3D Gaussian Splatting (3D-GS) has been gaining traction as a compelling method for high-fidelity scene reconstruction and real-time rendering. However, its application to appearance editing, such as texture swapping, has been limited due to the entanglement of scene geometry and appearance within its representation. Addressing this limitation, the newly proposed Texture-GS method innovatively decouples geometry from texture in 3D-GS, significantly enhancing flexibility in appearance editing tasks. By representing appearance as a 2D texture map and employing a novel texture mapping module, Texture-GS maintains the advantages of 3D-GS while adding the ability to perform efficient and high-quality appearance modifications.

Texture Mapping Module

The core of Texture-GS lies in its texture mapping module, which achieves the disentanglement through several key components. This module introduces:

• A UV mapping MLP to determine UV coordinates for 3D Gaussian centers.
• A local Taylor expansion of the MLP, facilitating efficient approximation of UV coordinates for ray-Gaussian intersections during rendering.
• A learnable texture, representing the fine-grained appearance details.

This formulation effectively enables real-time rendering while also supporting complex appearance editing operations such as global texture swapping and fine-grained texture editing, showing strong performance on the DTU dataset.
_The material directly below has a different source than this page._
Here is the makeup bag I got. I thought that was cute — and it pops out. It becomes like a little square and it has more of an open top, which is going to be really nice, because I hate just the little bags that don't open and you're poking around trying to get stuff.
Practical Implications and Advancements

Texture-GS offers several practical advancements in the field of neural rendering and scene editing:

• Editing Flexibility: It allows for seamless and efficient appearance changes, significantly expanding the use cases of 3D-GS in media, virtual reality, and game development.
• Real-Time Performance: Despite the added complexity of its disentangled representation, Texture-GS achieves real-time rendering speeds on consumer-grade hardware, ensuring its applicability in interactive applications.
• High-Fidelity Reconstruction: The method demonstrates an ability to recover detailed and high-quality 2D textures from multi-view images, facilitating various editing applications without compromising on visual quality.
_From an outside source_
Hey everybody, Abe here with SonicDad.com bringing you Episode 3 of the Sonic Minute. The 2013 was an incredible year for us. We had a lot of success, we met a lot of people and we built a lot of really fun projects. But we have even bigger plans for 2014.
Future Directions and Potential

The introduction of Texture-GS opens up new avenues for research and development in 3D scene editing and neural rendering. Potential future work could explore:

• Extending the method to support dynamic scenes and editing operations, enhancing its applicability in interactive and immersive experiences.
• Investigating the integration of Texture-GS with other deep learning approaches for improved scene understanding and manipulation capabilities.
• Exploring the trade-offs between rendering speed and visual fidelity in more complex or larger-scale scenes, aiming to optimize performance for specific application requirements.

Concluding Remarks

Texture-GS represents a significant step forward in the disentanglement of geometry and texture within the domain of 3D Gaussian Splatting, offering a robust solution for efficient and flexible scene editing. Its ability to combine real-time rendering capabilities with high-quality appearance modifications holds promise for a wide range of applications in computational photography, virtual reality, and digital media production.